Everyone wants you to submit to them, but why should you?


----------



## luckyscars (Sep 11, 2020)

Don't submit to them. Problem solved?


----------



## Olly Buckle (Sep 11, 2020)

People have spurious copyright concerns.

You could start your own publication, self publishing gone large.


----------



## Tiamat (Sep 11, 2020)

I feel like we've had this conversation relatively recently in a different thread. That said, I'm actually changing my stance. Courtesy of our very own Kyle R, I feel like I have a better understanding of some reasons why one may wish to submit to certain zines who don't accept simultaneous submissions. The main reason being: money. Also there's literally no reason for them not to take their slush piles for granted. There are way more of us than there are of decent-paying markets. Now, if you're not in this game for the money and the satisfaction of seeing your name in print is enough of a reward for you, then... what lucky said.


----------



## BornForBurning (Sep 11, 2020)

> It's like they take a slush pile of publishable stories for granted.

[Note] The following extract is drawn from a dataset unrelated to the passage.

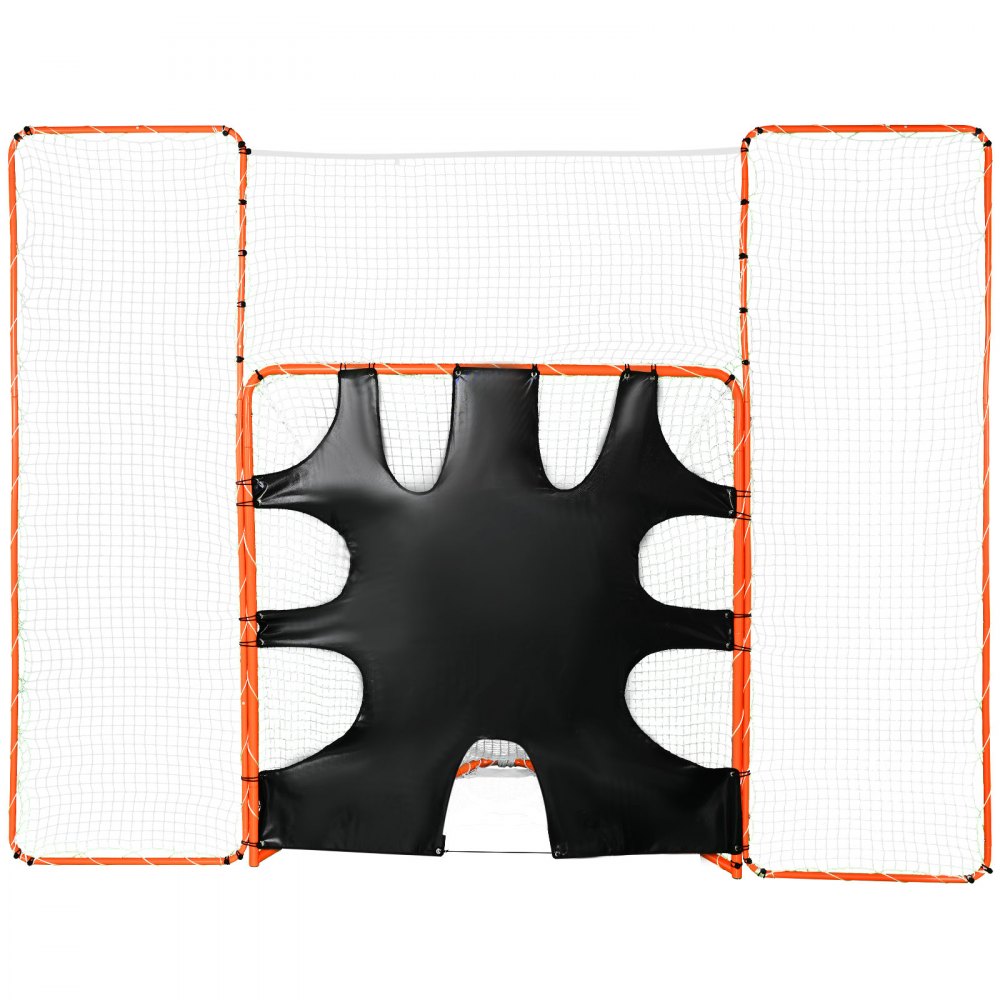 VEVOR 3-IN-1 Lacrosse Goal with Backstop and Target,3.7mx2.7m Lacrosse Net, Steel Frame Backyard Lacrosse Rebounder Equipment, Quick & Easy Setup Training Net, Perfect for Youth Adult Training, Orange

Yes, they do. And if said endless pile were to evaporate overnight, standards would change. However, the current standards are largely due to the fact that there _is _an endless pile of slush for editors to sort through, and they have adapted accordingly. For example, it's very annoying (and time consuming) to have to scramble last-minute to find the seventh story for your monthly short fiction periodical just because Maria Shotgunsubmitter couldn't be bothered to explain that she'd been accepted two weeks earlier someplace else. Far better, than, to just cut Maria out of your system in the first place. Harsh as it sounds, for a professionally-paying quarterly or monthly zine, there's _always _going to be another good story. Even a fairly unknown professional zine like Mysterion gets over 300 submissions each period, of which they pick seven. It's also a way of cutting out a sizable chunk of bad writing--shotgun submitters _tend to_ (not always, of course, and it's definitely a fairly tentative rule) be of lower quality than those that submit to a single journal. 

The long and short of it is, excluding SS allows overworked editors to streamline their existing systems, and that's not something I really begrudge them. Besides, I've got time, and lots of stories. It's not like I'm sitting here waiting on one story to get published.


----------



## Darren White (Sep 11, 2020)

In the poetry world this is very common, and I do understand the reason why. PiP and I run Flashes. We do accept simultaneous submissions, but I can assure you it is incredibly annoying when you are enthusiastic about a story/poem, you wish to publish it... And then you get an email that it has been accepted elsewhere and thank you very much for your time and trouble. That is the reason behind it.


----------



## Lee Messer (Sep 12, 2020)

I'm not fond of finding my work elsewhere after many submissions. It's not plagiarism, but the concepts are just too unique to just sprout up if not based on current events. I see little bits of my work sometimes and it pisses me off. No one else could've thought of what I came up with unless they were psychic or something.


----------



## Darren White (Sep 12, 2020)

That's a different issue, Lee


----------



## Bayview (Sep 12, 2020)

I think my attitude toward this very much depends on response times. IF they're asking for two weeks of exclusivity, I think that's totally reasonable. If they're asking for two months, it's much less acceptable to me. If it's an unlimited period of time? Nope. Doesn't work for me.


----------



## EternalGreen (Sep 13, 2020)

Lee Messer said:


> I'm not fond of finding my work elsewhere after many submissions. It's not plagiarism, but the concepts are just too unique to just sprout up if not based on current events. I see little bits of my work sometimes and it pisses me off. No one else could've thought of what I came up with unless they were psychic or something.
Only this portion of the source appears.